La stratégie d’extension de marque va permettre de lancer de nouvelles versions d’un produit sur le même marché. Il va s’agir de nouvelles formations avec des caractéristiques supérieures et donc plus chères (extension de gamme vers le haut) ou, au contraire, des produits plus accessibles (extension de gamme vers le bas). Cette dernière stratégie permet par exemple d’avoir accès à une marque prestigieuse à moindre coût, en achetant un produit dit « entrée de gamme » : c’est le fameux « stage court » ou bien la formation certifiante que proposent l’ensemble des écoles et des universités. Vaut-il mieux avoir sur son CV une formation courte d’une université ou d’une école prestigieuse (à marque forte) ou une formation bien plus qualifiante sans bonne visibilité ? 

L’intérêt du co-branding

L’autre stratégie, dite de co-branding, est fondée sur l’association entre deux marques qui vont communiquer ensemble sur un produit ou un service qu’elles auront co-conçu ou seulement co-signé. Ce sont les alliances EM Lyon-Centrale Lyon ou encore le partenariat entre l’ ESC Rennes et l’EM Strasbourg.

Ces alliances ont beaucoup d’atouts : elle permettent de mieux résister au raccourcissement des cycles de vie des produit en proposant des renouvellements de proposition, d’atteindre de nouvelles cibles  (on peut penser à l’association de telle école de management avec un réseau d’écoles d’ingénieurs) ou bien de nouveaux territoires (les entreprises, par exemples avec le DBA en lieu et place du doctorat académique).

La condition d’un co-branding réussi est que le consommateur perçoive un avantage substantiel et que les marques soient cohérentes entre elles sans être trop proches.

L’évaluation financière de la marque 

Parmi les actifs immatériels, la marque prend une place déterminante dans l’évaluation d’une entreprise. L’actif immatériel représente 18% en moyenne de la valeur des entreprises (source Interbrand.com), mais peut être beaucoup plus importants, comme pour Nike (84%), Prada (77%), Chanel (66%), première marque française qui contribue à la valeur de son entreprise.

FM

Dans l’enseignement supérieur se développent des licences de marques, en particulier aux Etats-Unis.
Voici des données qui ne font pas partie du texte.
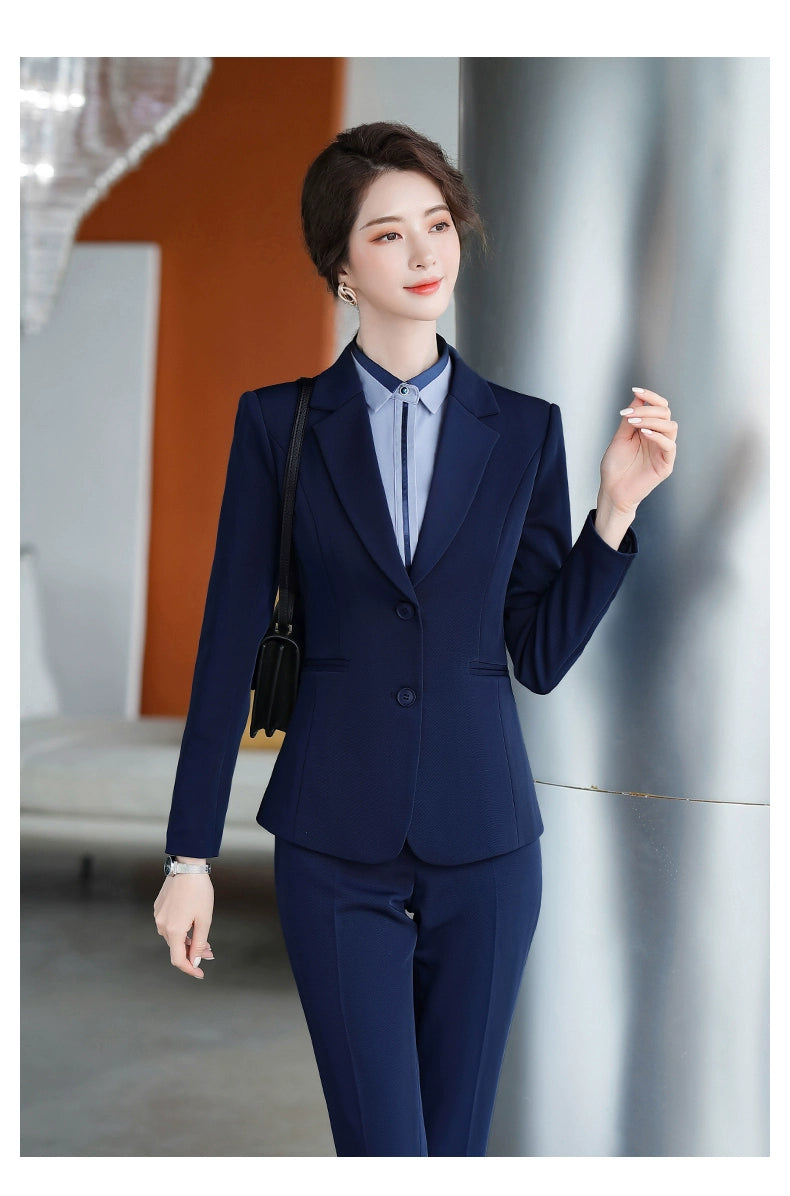 Korean Style Slim-Fitting Iron-Free College Students Interview Suit Suit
C’est une façon bien sûr de consolider leur légitimité, de se faire connaitre de publics plus éloignés et de générer des rentrées d’argent.Ces licences de marques sont aussi une façon de protéger sa marque, car, comme tout capital, d’autant plus s’il est intangible, les mesures défensives sont de rigueur.

En guise de conclusion n’oublions pas qu’une des marques d’établissement de l’enseignement supérieur les plus connues au monde, par la grâce d’un designer italien, est celle d’un modeste undergraduate liberal arts college située à Lancaster en Pennsylvanie : Franklin and Marshall.